Simple ground turkey (or chicken or beef) shepherd’s pie with a creamy parmesan mashed cauliflower topping!
For the mashed cauliflower topping:
- 1 head of cauliflower, cut into florets
- 1 tbsp butter
- 2–3 cloves of garlic, minced
- 1/3 cup plain Greek yogurt (or sub sour cream)
- 1/4 cup low sodium vegetable broth
- 1 cup grated parmesan
- Salt + pepper, to taste
For the filling:
- 1 tbsp olive oil
- 1 yellow onion, finely diced
- 2 cloves of garlic, minced
- 1 lb ground turkey (can sub ground chicken or beef)
- 1/2 tsp oregano
- 1/4 tsp thyme
- Salt and pepper, to taste
- 3 tbsp tomato paste
- 1/2 cup low sodium vegetable broth (can sub chicken or beef broth)

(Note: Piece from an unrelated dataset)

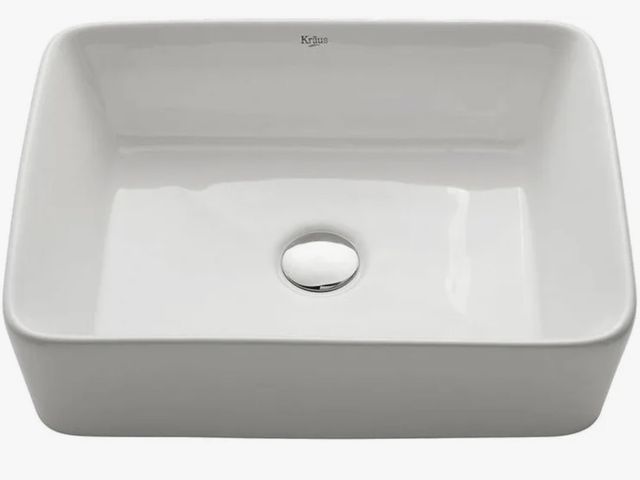 Lot 96-211997 - Ceramic vessel sink 20.3” x 19.1” may vary from stock photo New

- 2 cups frozen vegetable medley (with peas, corn, carrots, green beans)
- In a large stockpot, cover the cauliflower florets with water. Bring water to a boil and allow to boil until cauliflower is fork tender, about 10-12 minutes. Drain cauliflower and let drain for 2 minutes.
- Heat the same pot the cauliflower was cooked in on medium-low. Add butter and garlic; cook for about 30 seconds. Stir in the drained cauliflower, Greek yogurt, and parmesan. Season well with salt and pepper.

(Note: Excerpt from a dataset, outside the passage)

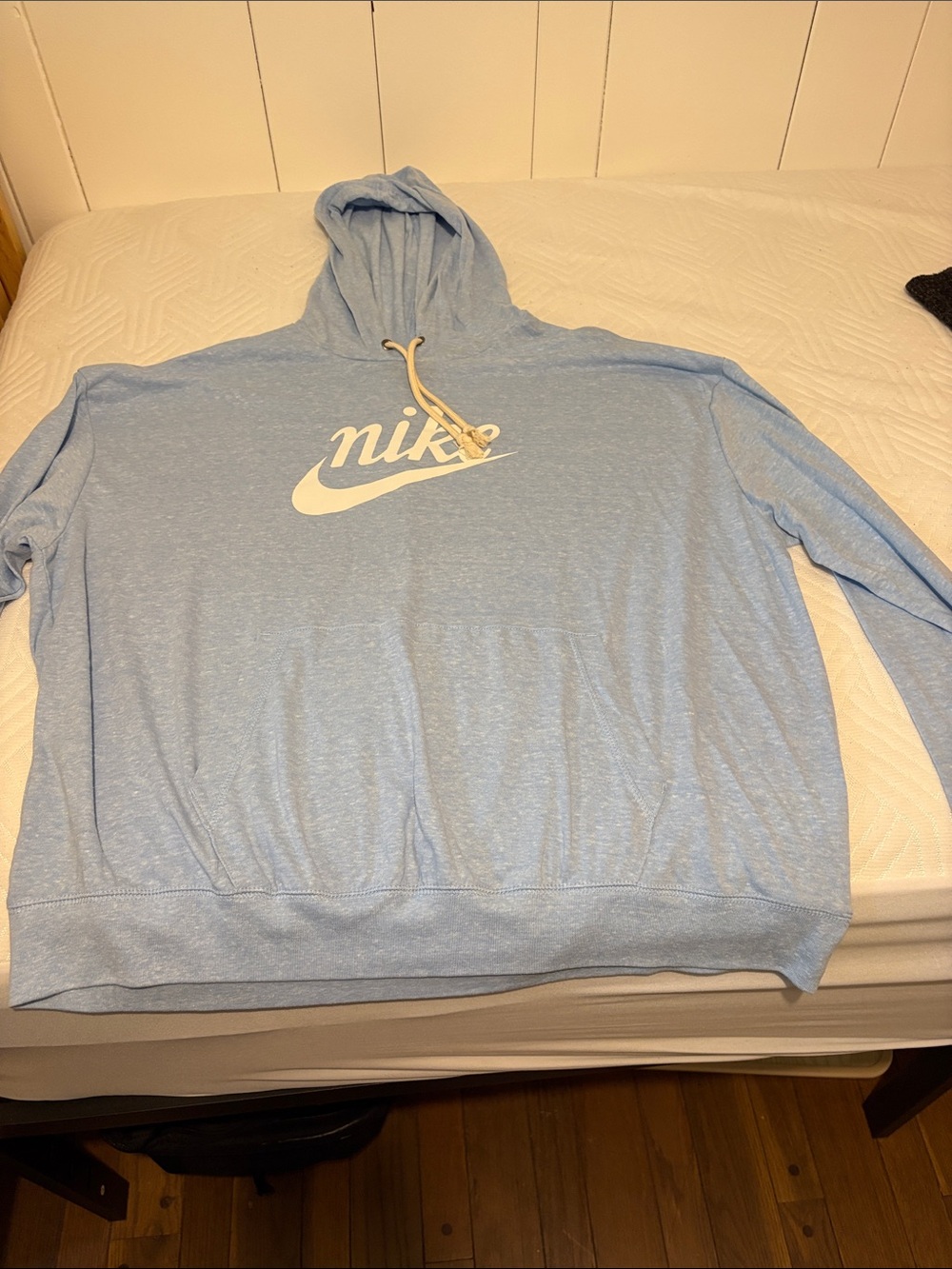 Nike Light Blue Women's Pullover Hoodie with White Swoosh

- Use an immersion blender to blend the ingredients until very smooth (alternatively you can blend in a food processor). Set aside.
- Preheat oven to 375°F.
- Make the turkey and veggie filling. Heat a large pan over medium heat with the olive oil. Add your diced onion and sauté for 3-5 minutes. Stir in garlic, then add your ground turkey, oregano, thyme, and season with salt and pepper. Cook, breaking up to crumble the meat, until no longer pink.

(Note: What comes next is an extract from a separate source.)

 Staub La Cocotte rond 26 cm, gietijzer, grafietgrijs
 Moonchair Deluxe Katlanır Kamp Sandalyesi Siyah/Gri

- Stir in your tomato paste; allow to cook for 3 minutes. Add the broth and allow to simmer for 5 minutes. Stir in the frozen vegetables, then remove from heat.
- Add your filling to a square baking dish, then spread the mashed cauliflower over the top. Bake for 20-25 minutes; option to broil at the end for a few minutes to slightly brown the cauliflower. Serve and enjoy!